Replies to post #202489 on Biotech Values

[DFRAI]

ZIOP CAR program with Merck

I wonder why they would keep the 2 CAR targets a secret? Sounds silly...scope is to not let competition know about their targets according to CEO.....i suppose they will file the IND in due course

[poorgradstudent]

CAR-T / Off and On:

ZIOP's CAR-T trials for MerckKGa are not yet in the clinic, but will also utilize Rheoswitch technology.

Let's accept that ZIOP has a switch that you can use to turn the CAR-T off and then turn it on. In that case, my question would be: if you turned it off, why would you ever want to turn it back on again?

Here are the scenarios as I see it:

1) Inject CAR-T. The patient responds positively with manageable adverse events. No reason to turn it off.

2) Inject CAR-T. The patient sees unacceptable adverse events. Here I see 3 options:

a) The CAR-T is directly responsible for the adverse events. You turn it off and have no reason to turn it back on.

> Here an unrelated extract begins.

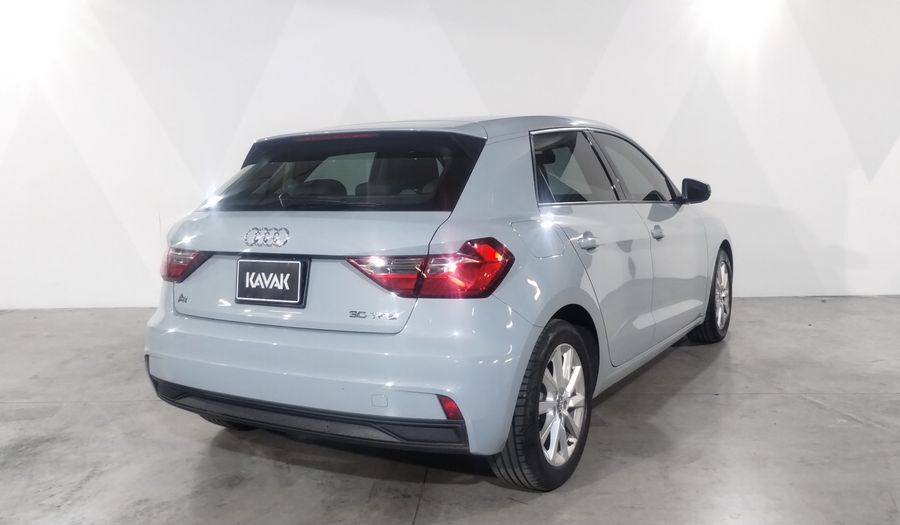 Audi A1 1.0 SB 30 TFSI COOL DCT Hatchback 2020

b) The adverse events are indirectly caused by the CAR-T but have no viable prophylaxis/treatment. In that case, then you have to turn the CAR-T off and you can't turn it on again.

c) The adverse events are indirectly caused by the CAR-T but have a viable prophylaxis/treatment. In that case, I don't see any reason why the CAR-T needs to be turned off as you can apply prophylaxis pre-emptively or treatment concurrently. In this case, CAR-T is never turned off so no need to turn back on.


So where is the scenario where you can turn it off and then turn it on again, and how frequent would this scenario present itself?